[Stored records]
:::::
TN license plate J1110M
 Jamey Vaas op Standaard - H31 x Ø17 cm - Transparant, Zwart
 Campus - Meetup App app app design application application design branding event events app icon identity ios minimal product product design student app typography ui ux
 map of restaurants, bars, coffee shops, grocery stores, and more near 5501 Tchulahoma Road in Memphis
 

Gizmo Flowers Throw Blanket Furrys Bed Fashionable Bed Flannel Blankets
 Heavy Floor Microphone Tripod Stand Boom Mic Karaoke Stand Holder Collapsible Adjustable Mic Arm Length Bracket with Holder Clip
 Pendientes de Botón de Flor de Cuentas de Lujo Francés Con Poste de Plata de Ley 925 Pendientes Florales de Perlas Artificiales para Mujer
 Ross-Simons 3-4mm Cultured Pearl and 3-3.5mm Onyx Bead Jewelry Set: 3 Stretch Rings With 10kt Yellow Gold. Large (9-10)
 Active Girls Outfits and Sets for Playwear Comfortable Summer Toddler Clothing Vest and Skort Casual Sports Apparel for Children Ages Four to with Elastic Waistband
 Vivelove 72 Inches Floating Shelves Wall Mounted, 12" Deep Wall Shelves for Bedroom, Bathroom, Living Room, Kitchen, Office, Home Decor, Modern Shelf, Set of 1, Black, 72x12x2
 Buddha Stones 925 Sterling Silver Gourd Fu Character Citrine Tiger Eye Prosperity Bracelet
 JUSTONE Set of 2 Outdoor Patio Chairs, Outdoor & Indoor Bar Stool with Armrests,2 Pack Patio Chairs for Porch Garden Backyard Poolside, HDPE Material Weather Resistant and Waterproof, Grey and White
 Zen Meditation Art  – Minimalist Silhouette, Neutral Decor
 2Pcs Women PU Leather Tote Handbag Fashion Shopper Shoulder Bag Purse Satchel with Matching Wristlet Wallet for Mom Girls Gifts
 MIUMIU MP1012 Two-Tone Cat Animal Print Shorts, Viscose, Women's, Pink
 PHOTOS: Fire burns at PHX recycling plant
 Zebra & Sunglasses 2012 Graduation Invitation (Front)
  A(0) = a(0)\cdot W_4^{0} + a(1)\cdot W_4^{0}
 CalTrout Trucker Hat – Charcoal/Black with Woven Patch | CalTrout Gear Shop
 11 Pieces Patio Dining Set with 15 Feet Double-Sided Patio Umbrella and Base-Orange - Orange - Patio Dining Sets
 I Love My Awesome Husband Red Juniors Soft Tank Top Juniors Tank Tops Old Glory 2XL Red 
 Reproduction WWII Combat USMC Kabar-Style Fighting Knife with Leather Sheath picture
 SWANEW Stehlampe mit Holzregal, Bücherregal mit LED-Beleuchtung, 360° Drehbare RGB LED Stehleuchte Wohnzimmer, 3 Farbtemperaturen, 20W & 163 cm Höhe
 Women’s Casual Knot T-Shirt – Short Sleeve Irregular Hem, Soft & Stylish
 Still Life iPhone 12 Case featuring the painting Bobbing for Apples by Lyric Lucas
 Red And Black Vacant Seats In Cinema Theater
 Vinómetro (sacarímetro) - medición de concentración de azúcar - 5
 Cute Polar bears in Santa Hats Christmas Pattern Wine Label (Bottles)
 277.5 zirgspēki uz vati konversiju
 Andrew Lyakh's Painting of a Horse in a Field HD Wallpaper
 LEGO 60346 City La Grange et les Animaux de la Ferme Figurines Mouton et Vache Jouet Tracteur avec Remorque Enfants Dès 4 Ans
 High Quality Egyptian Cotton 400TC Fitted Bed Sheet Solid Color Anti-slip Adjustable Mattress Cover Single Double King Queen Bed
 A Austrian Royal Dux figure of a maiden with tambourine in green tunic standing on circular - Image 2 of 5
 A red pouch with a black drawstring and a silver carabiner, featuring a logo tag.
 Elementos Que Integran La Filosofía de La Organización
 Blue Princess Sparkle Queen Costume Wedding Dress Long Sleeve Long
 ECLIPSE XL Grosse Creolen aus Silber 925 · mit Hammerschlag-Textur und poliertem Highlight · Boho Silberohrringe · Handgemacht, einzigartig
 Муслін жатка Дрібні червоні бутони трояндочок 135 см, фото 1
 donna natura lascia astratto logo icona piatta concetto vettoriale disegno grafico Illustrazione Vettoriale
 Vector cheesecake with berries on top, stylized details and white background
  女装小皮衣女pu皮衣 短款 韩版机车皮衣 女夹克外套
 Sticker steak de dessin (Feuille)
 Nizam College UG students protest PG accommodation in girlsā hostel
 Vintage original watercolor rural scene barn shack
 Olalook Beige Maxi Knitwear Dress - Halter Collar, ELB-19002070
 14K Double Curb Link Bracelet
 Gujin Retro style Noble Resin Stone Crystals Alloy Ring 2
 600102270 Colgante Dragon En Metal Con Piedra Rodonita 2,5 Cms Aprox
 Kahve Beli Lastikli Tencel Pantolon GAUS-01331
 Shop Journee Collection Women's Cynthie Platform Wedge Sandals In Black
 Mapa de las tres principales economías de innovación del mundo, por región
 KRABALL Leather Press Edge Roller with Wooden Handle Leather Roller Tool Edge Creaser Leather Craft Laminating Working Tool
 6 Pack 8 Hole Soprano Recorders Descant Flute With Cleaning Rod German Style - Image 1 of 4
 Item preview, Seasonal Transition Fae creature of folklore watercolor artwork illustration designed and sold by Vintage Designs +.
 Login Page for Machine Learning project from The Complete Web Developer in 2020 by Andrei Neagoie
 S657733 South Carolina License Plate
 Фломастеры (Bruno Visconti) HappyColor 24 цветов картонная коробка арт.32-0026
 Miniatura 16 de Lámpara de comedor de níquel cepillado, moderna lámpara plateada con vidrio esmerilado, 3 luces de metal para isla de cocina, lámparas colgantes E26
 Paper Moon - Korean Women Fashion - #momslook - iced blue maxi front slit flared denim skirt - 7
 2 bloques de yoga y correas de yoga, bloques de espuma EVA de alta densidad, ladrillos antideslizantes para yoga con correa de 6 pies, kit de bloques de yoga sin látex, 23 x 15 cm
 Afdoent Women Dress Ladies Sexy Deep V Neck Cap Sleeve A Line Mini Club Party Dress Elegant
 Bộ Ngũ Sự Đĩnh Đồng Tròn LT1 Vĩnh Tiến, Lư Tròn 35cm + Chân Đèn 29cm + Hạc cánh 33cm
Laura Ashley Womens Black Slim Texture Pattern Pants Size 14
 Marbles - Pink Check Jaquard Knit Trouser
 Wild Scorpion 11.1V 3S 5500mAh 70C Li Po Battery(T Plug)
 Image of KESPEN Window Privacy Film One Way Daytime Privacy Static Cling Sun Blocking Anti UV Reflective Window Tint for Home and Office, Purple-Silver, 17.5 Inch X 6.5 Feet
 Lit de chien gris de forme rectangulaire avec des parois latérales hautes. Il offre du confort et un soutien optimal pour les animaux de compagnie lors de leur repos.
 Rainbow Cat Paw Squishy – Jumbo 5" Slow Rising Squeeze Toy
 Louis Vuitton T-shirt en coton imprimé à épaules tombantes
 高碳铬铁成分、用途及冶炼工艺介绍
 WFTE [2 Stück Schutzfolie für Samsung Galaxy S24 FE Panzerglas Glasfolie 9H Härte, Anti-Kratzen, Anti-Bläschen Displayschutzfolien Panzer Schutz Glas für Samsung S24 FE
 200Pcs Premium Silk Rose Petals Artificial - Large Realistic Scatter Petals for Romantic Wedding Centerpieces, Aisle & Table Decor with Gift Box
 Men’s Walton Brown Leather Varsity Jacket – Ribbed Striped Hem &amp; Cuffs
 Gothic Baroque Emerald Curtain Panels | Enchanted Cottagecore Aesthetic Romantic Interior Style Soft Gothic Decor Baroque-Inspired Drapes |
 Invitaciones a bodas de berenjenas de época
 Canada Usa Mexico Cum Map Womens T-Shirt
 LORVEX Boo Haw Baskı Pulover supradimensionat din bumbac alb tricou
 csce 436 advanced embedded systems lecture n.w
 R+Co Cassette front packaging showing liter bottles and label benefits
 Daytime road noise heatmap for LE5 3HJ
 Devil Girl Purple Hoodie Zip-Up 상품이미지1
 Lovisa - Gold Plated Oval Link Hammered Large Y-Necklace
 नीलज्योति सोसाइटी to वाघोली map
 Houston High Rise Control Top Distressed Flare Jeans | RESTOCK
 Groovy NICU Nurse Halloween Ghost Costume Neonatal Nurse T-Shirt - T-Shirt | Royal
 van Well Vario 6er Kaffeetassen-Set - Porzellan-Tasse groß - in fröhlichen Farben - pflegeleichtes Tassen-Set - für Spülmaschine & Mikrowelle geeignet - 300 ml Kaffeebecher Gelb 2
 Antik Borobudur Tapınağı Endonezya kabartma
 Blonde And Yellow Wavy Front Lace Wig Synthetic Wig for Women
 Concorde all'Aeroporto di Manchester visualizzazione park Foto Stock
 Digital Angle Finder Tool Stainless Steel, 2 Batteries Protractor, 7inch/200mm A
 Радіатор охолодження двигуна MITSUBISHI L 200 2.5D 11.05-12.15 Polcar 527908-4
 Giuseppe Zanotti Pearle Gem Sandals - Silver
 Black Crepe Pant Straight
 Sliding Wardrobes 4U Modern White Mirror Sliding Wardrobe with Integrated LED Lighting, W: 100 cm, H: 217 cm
:::::
REQUIRED WORK. Pull out all lines containing the word "Womens" from the entries above.

TASK ANSWER.
Laura Ashley Womens Black Slim Texture Pattern Pants Size 14
 Canada Usa Mexico Cum Map Womens T-Shirt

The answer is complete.